Why Do Groupon Campaigns Damage Yelp Ratings?
One of the many benefits of visiting Microsoft Research this semester is that I get to attend some interesting talks by computer scientists working with social and economic data. One in particular this week turned out to be extremely topical. The paper was on "The Groupon Effect on Yelp Ratings" and it was presented by Giorgios Servas Zervas.
The starting point of the analysis was this: the Yelp ratings of businesses who launch Groupon campaigns suffer a sharp and immediate decline which recovers only gradually over time, with peristent effects lasting for well over a year. The following chart sums it up:
The trend line is a 30 day moving average, but re-initialized on the launch date (so the first few points after this date average just a few observations). There is a second sharp decline after about 180 days, as the coupons are about to expire. The chart also shows the volume of ratings, which surges after the launch date. Part of the surge is driven by raters who explicitly reference Groupon (the darker volume bars). But not all Groupon users identify as such in their reviews, and about half the increase in ratings volume comes from ratings that do not reference Groupon.
As is typical of computer scientists working with social data, the number of total observations is enormous. Almost 17,000 daily deals from over 5,000 businesses in 20 cities over a six month period are included, along with review histories for these businesses both during and prior to the observational window. In addition, the entire review histories of those who rated any of these businesses during the observational window were collected, expanding the set of reviews to over 7 million, and covering almost a million distinct businesses in all.
So what accounts for the damage inflicted on Yelp ratings by Groupon campaigns? The authors explore several hypotheses. Groupon users could be especially harsh reviewers regardless of whether or not they are rating a Groupon business. Businesses may be overwhelmed by the rise in demand, resulting in a decline in quality for all customers. The service provided to Groupon users may be worse than that provided to customers paying full price. Customer preferences may be poorly matched to businesses they frequent using Groupons. Or the ratings prior to the campaign may be artificially inflated by fake positive reviews, which get swamped by more authentic reviews after the campaign. All of these seem plausible and consistent with anecdotal evidence.
One hypothesis that is rejected quite decisively by the data is that Groupon users tend to be harsh reviewers in general. To address this, the authors looked at the review histories of those who identified Groupon use for the businesses in the observational window. Most of these prior reviews do not involve Groupon use, which allows for a direct test of the hypothesis that these raters were harsh in general. It turns out that they were not. Groupon users tend to write detailed and informative reviews that are more likely to be considered valuable, cool and funny by their peers. But they do not rate businesses without Groupon campaigns more harshly than other reviewers.

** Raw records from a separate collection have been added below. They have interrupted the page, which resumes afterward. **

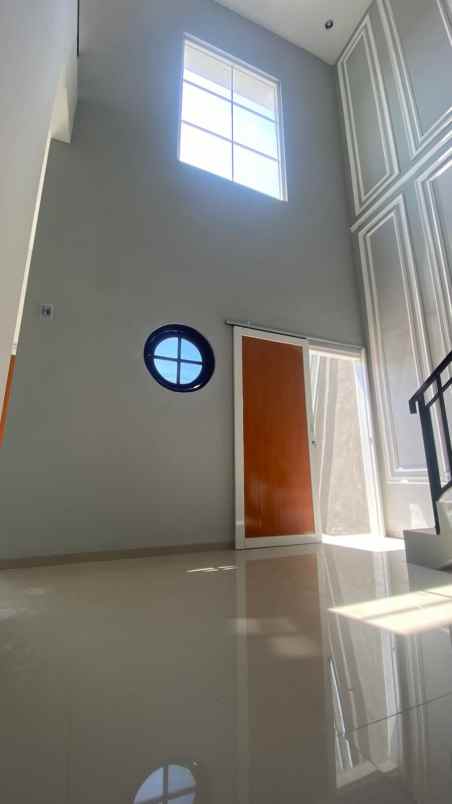 dijual rumah moderen dekat mall lipoo plazza jember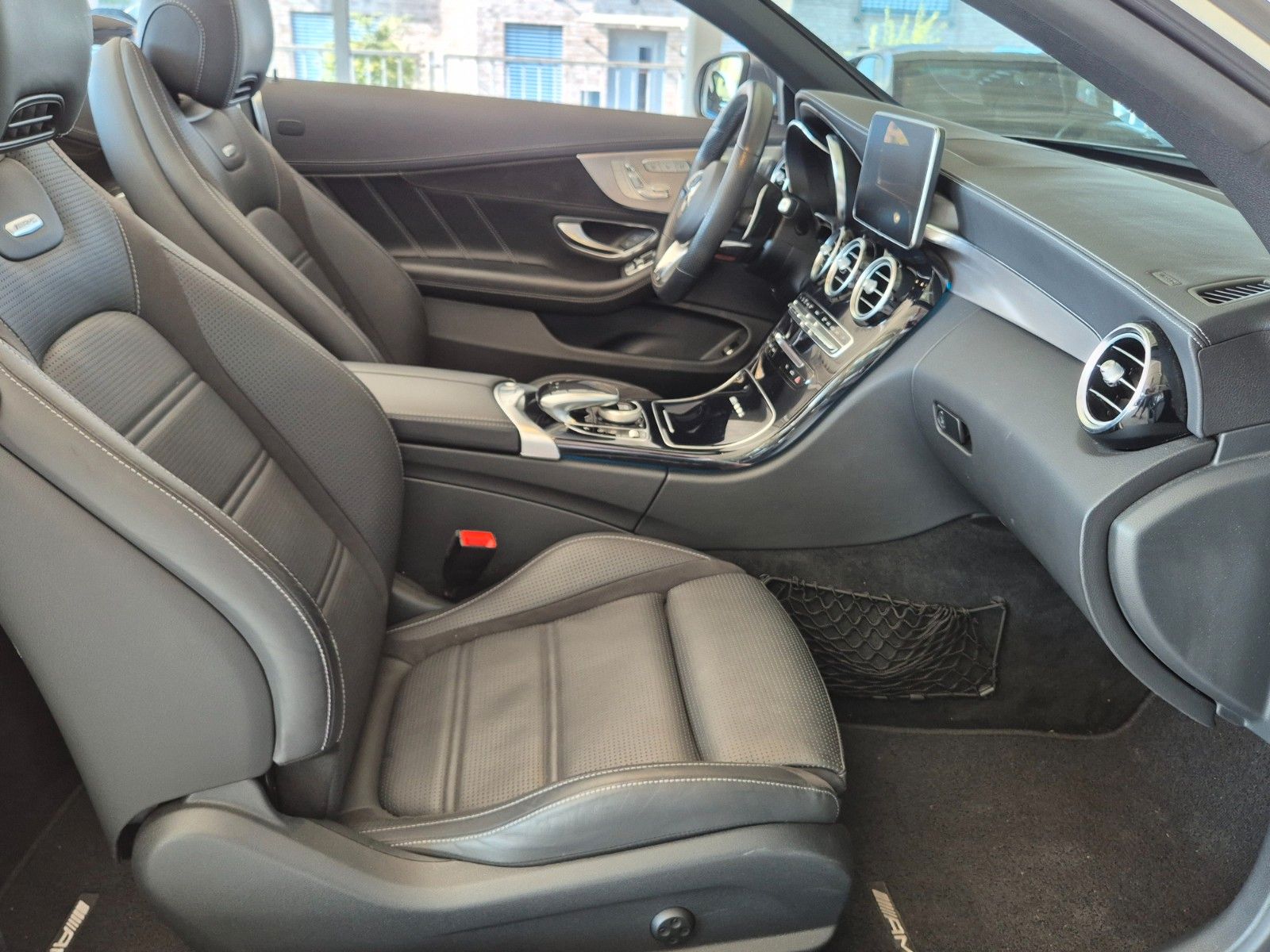 Fahrzeugabbildung Mercedes-Benz C 63 AMG Cabrio/Dt./Burm/Head/Fahrpaket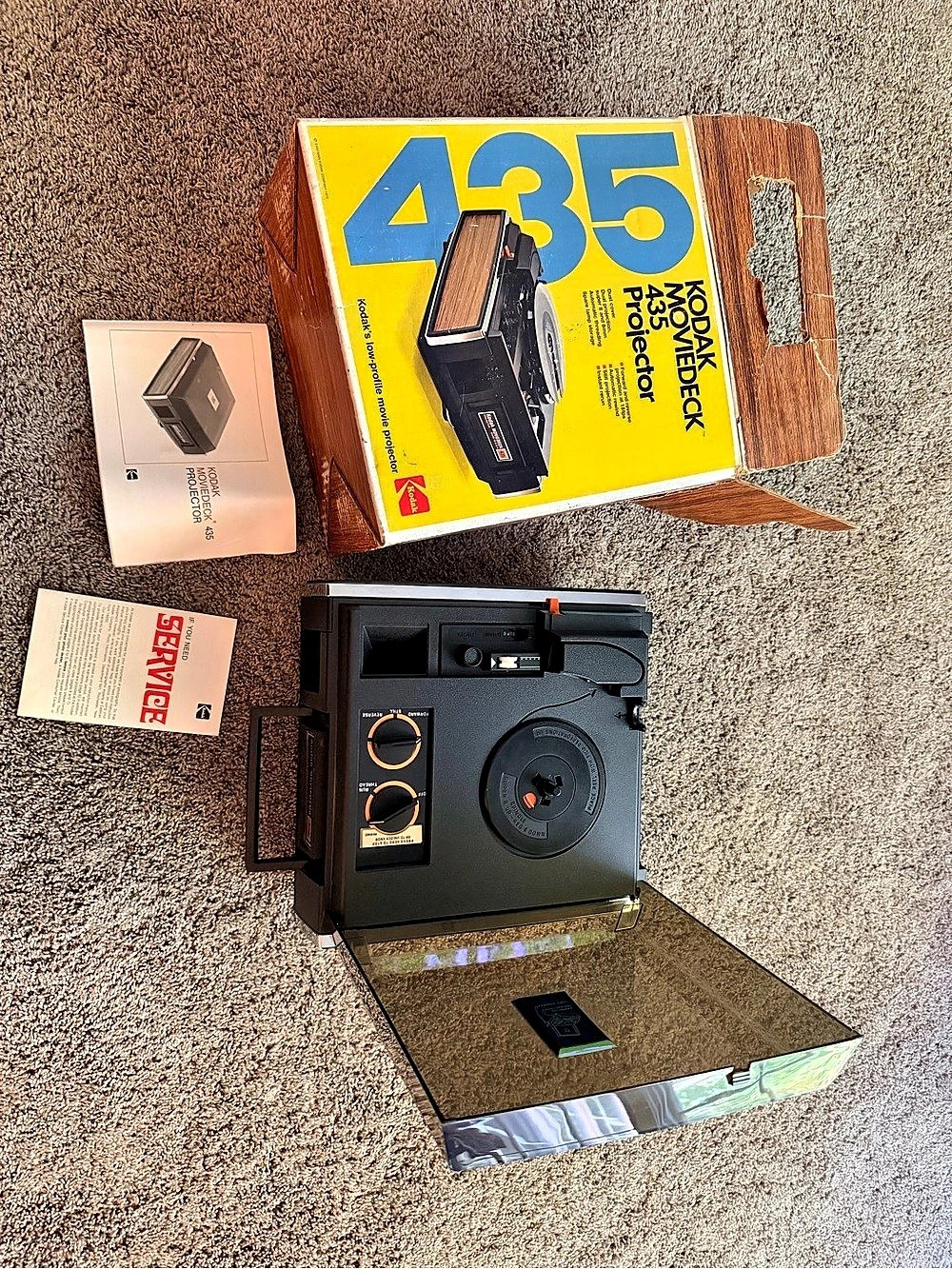 Kodak Moviedeck 435 Vintage Movie Projector with original box & manual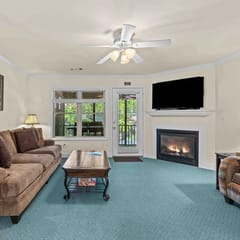 Uptown Getaway - Lovely Condo in Downtown Tuscany Villas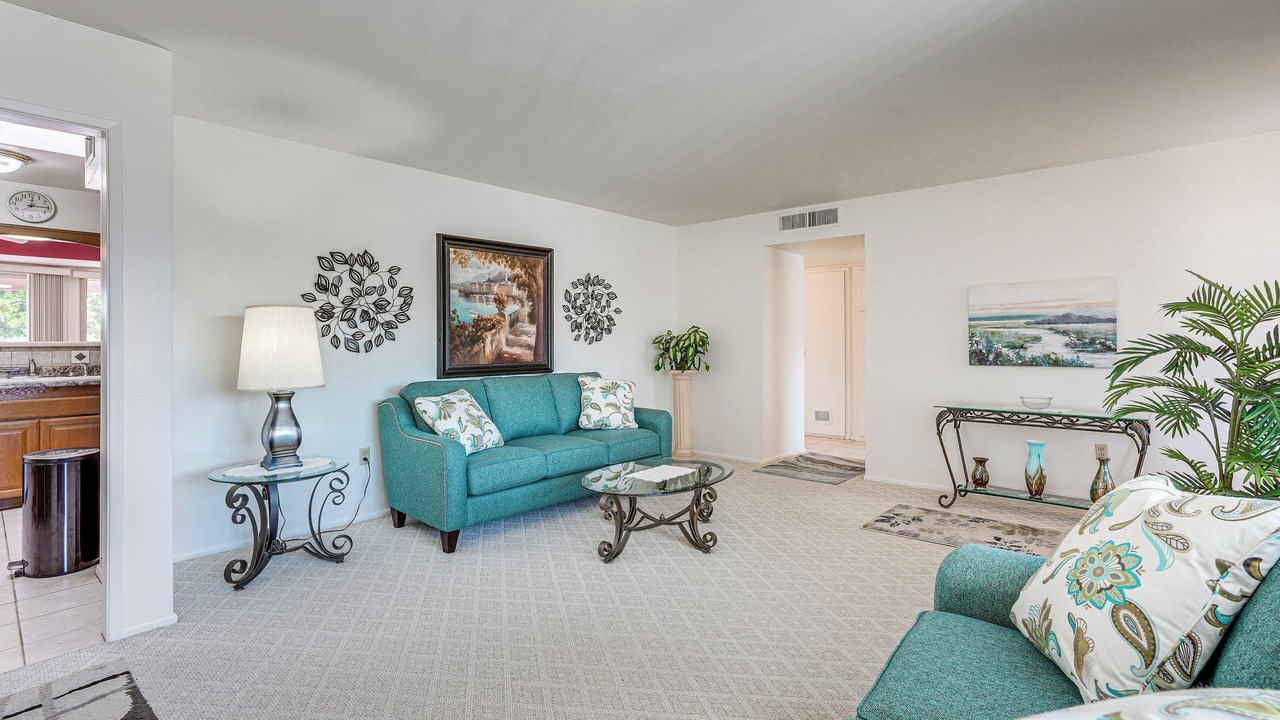 Photo of Livingroom in Sun City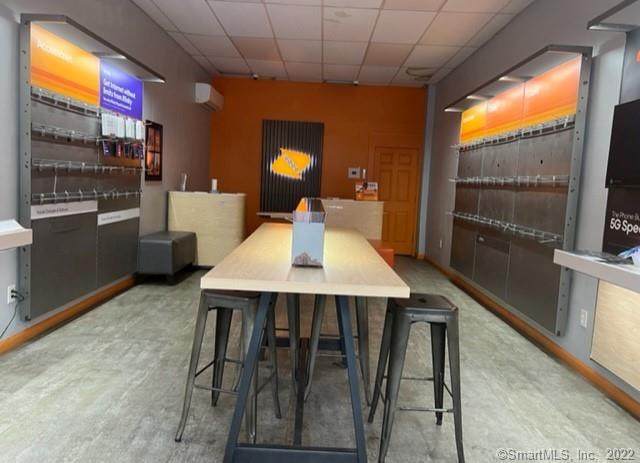 633 Park St (Store Front) Street - Photo 1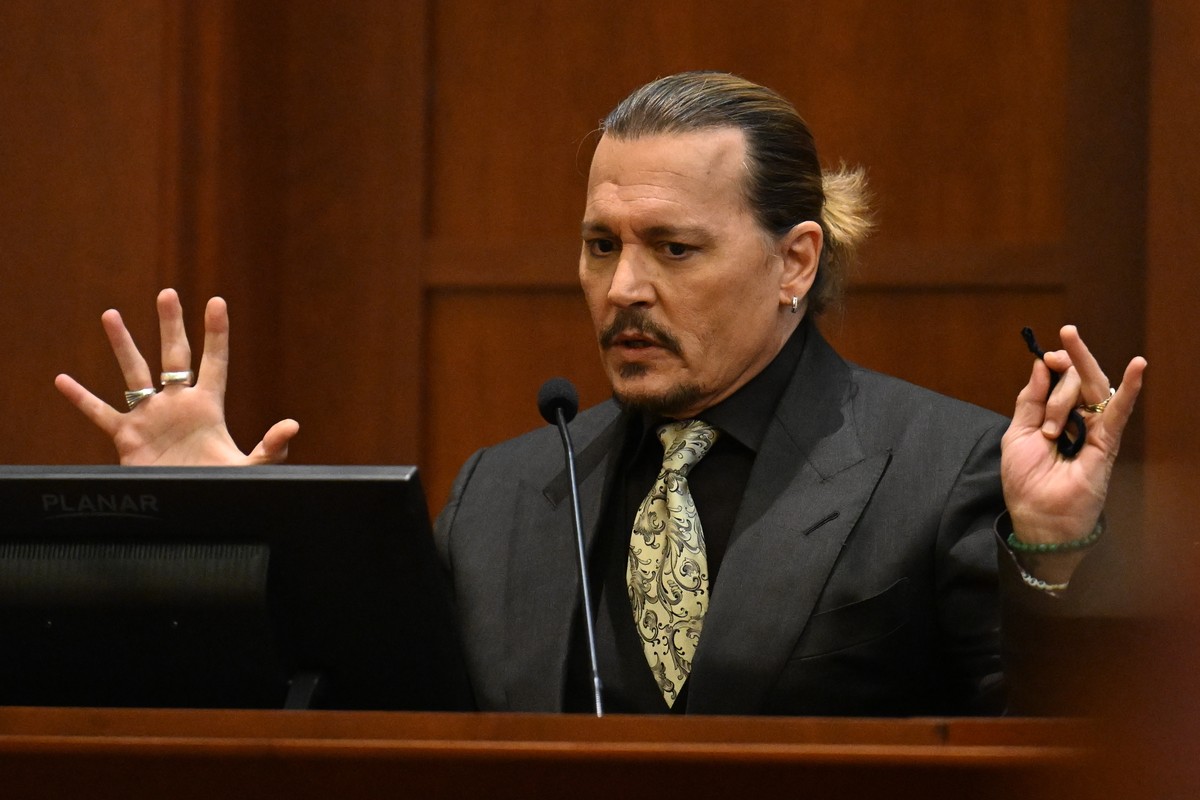 epa09897965 US actor Johnny Depp testifies during his defamation trial in the Fairfax County Circuit Courthouse in Fairfax, Virginia, USA, 19 April 2022. Johnny Depp's 50 million US dollars defam ...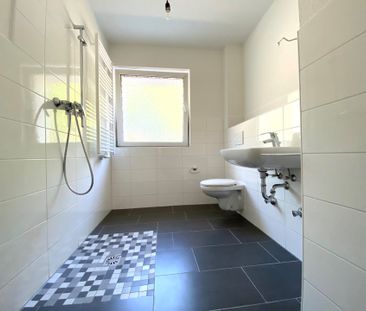 Frisch renovierte 2,5-Zimmer Wohnung im Erdgeschoss mit Dusche - Foto 1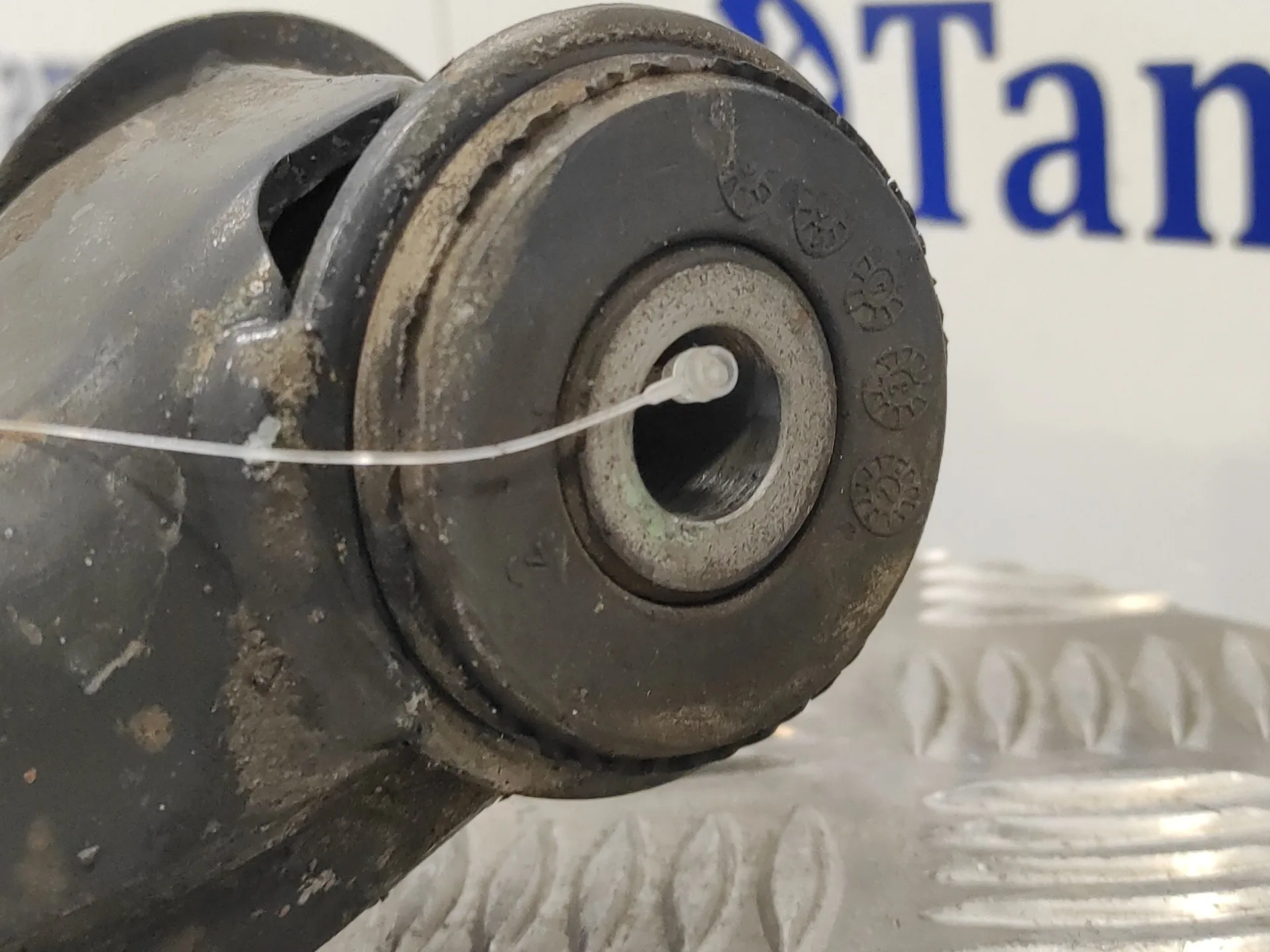 Brazo Suspension Inferior Delantero Derecho para Mercedes-Benz Viano (W639)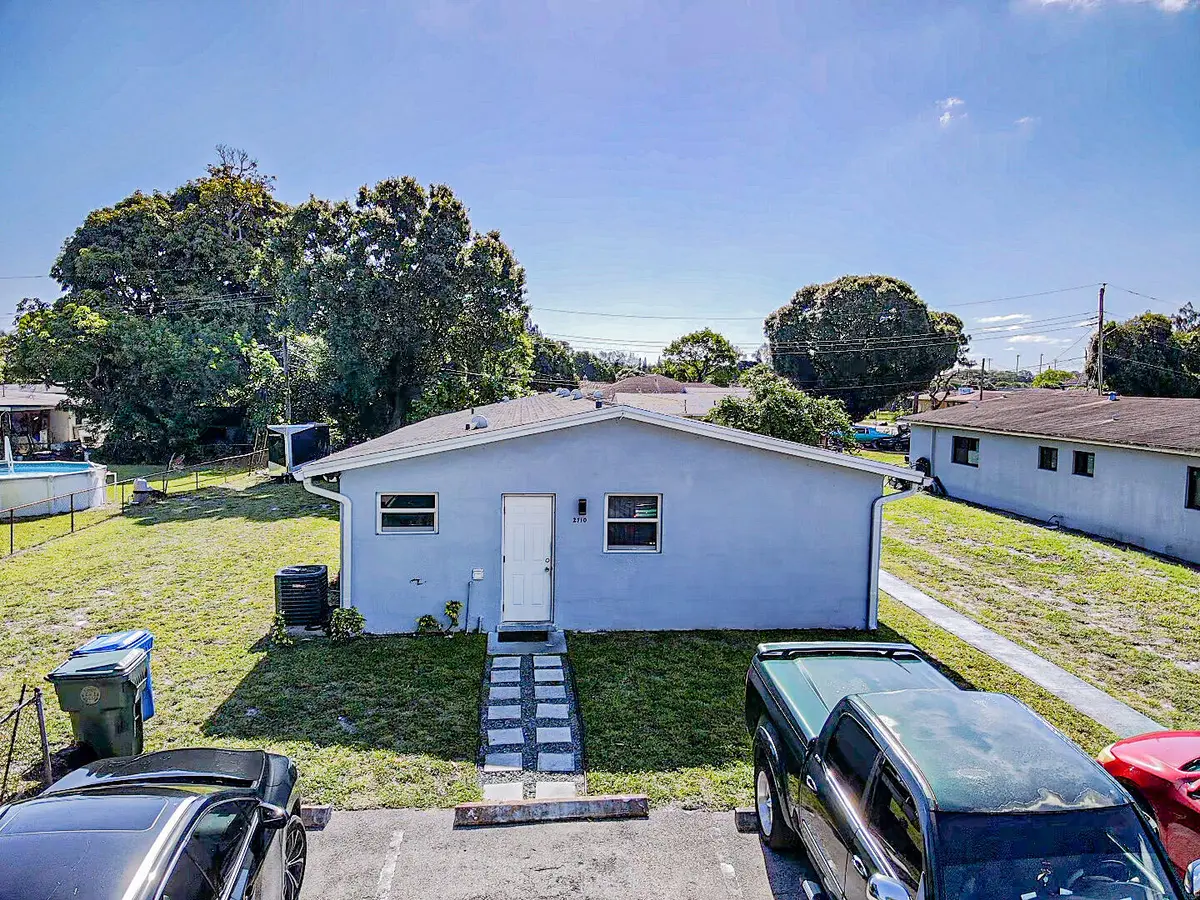 Shirley House_ Oakland-01 at 2710 NW 24th Avenue 1-2, Oakland Park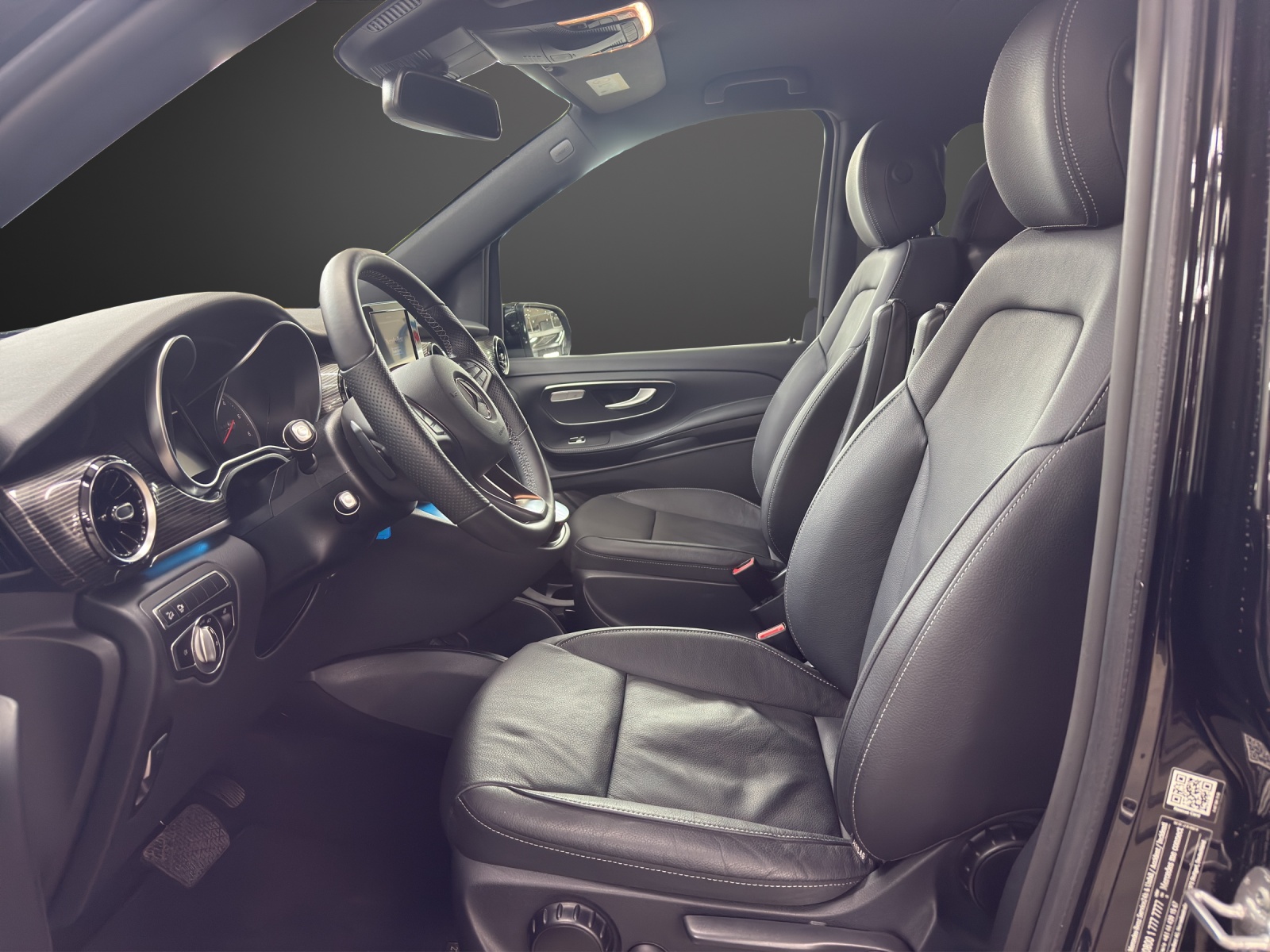 MERCEDES-BENZ V 220 d Avantgarde L 4M-image-9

What about the hypothesis of businesses being overwhelmed by the rise in demand? Since only about half the surge in reviews comes from those who explicitly reference Groupon, the remaining ratings pool together non-Groupon customers with those who don't reveal Groupon use. This makes a decline in ratings by the latter group hard to interpret. John Langford (who was in the audience) noted that if the entire surge in reviews could be attributed to Groupon users, and if undeclared and declared users had the same ratings on average, then one could infer the effect of the campaign on the ratings of regular customers. This seems worth pursuing.
Anecdotal evidence on discriminatory treatment of customers paying discounted prices is plentiful (the authors mention the notorious FTD flowers case for instance). If mistreatment of coupon-carrying customers by a few bad apples were bringing down the ratings average, then a campaign should result in a more negatively skewed distribution of ratings relative to the pre-launch baseline. The authors look for this shift in skewness and find some evidence for it, but the effect is not large enough to account for the entire drop in the average rating.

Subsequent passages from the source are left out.